Another recommendation is to balance granularity and dataset size for surrogate modeling [15]. High-resolution simulations generate massive datasets (e.g., millions of mesh nodes in computational fluid dynamics or finite element analysis). While these data can train powerful surrogate models, storing every simulation output may be impractical. Guidance should be provided on how each subset or “downsampled” version (e.g., coarser meshes, aggregated performance metrics) can be utilized for scaled analysis, and it should be clarified how closely they track the high-resolution truth. This ensures that others can choose the right balance of granularity and computational feasibility for their needs.

Capture Complete Design Processes and Cross-Stage Data.

In engineering design, capturing data throughout the entire process—from initial concept through to operational stages—is crucial. Several papers in this issue highlight data from human-centered activities such as team-based hackathons [9], user interviews [7], and collaborative assembly tasks [5], underscoring the importance of documenting not just the final design artifact but also the process itself. This includes key decision points, intermediate prototypes, and user feedback, providing a comprehensive view that enhances our understanding of collaborative design behaviors, design thinking strategies, and empathic accuracy. Similarly, for products like power grids [6], wind turbines [13], and manufacturing lines [5] that span multiple design, production, and operational stages, it is beneficial to link datasets from upstream decisions (e.g., conceptual choices) to downstream impacts (e.g., maintenance records, quality metrics). By ensuring data continuity through consistent component identifiers or timestamps, researchers can easily integrate and explore these sources, supporting robust life-cycle analyses and design methods. Collectively, these practices not only enrich the data’s detail and applicability but also facilitate a more holistic understanding of the entire design and production life-cycle.

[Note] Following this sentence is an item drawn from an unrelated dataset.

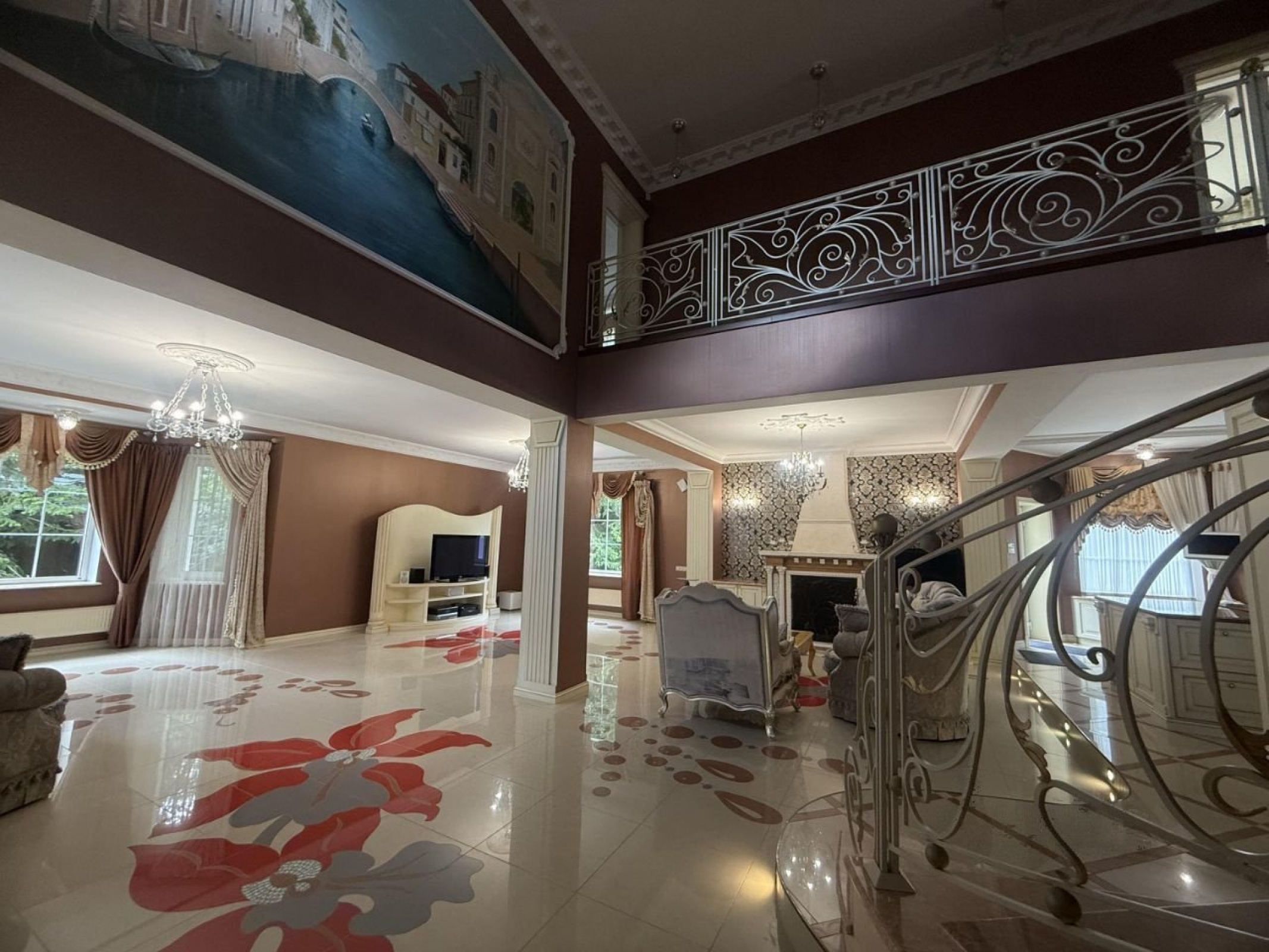 3-этажный коттедж, 420 м²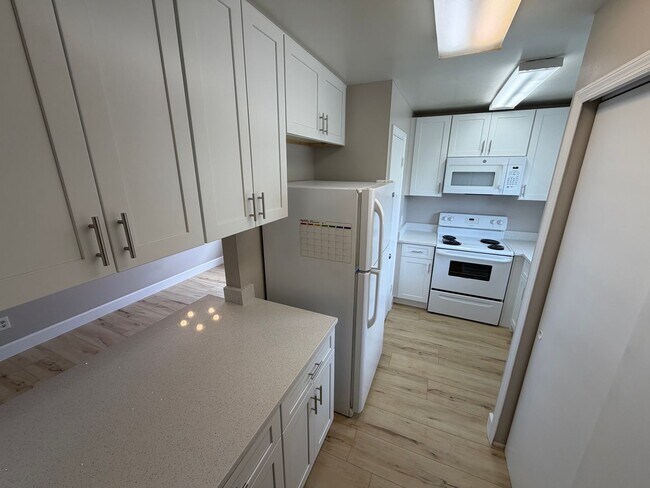 Building Photo - 4160 Pershing Pointe Pl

Prepare for Domain-Specific Benchmarking.

Many articles introduce specialized datasets (e.g., CAD design [18], mechanical metamaterials [3], linkage mechanisms [11]). Support for fair comparison and acceleration of progress can be enhanced by specifying baseline tasks (e.g., standard optimization problems, regression, and classification tasks) and performance metrics. Providing baseline results—such as recommended customer segmentation metrics [8,17]—along with dataset test and train splits, helps researchers quickly gauge whether new algorithms outperform the current state of the art.

Standardize Formats, Version Control, and Licensing Information.

Adhering to the Findable, Accessible, Interoperable, and Reusable principles is essential for datasets, as emphasized in several studies [2,4,11]. Maintaining consistent file formats (e.g., CSV, JSON, or HDF5) and clearly defined metadata is critical for promoting usability and interoperability across design research projects. For instance, the authors of the power systems dataset [6] provide all the information required to run power flow calculations, which allows researchers to rerun the problem calculation after changing parts of the data. In addition, applying version control—via platforms like Harvard Dataverse and GitHub—allows researchers to cite specific dataset releases and track modifications over time. Using clear, permissive licenses (e.g., CC-BY or CC0) also helps foster broader reuse and collaboration, while clearly delineating any restrictions tied to intellectual property or confidentiality concerns.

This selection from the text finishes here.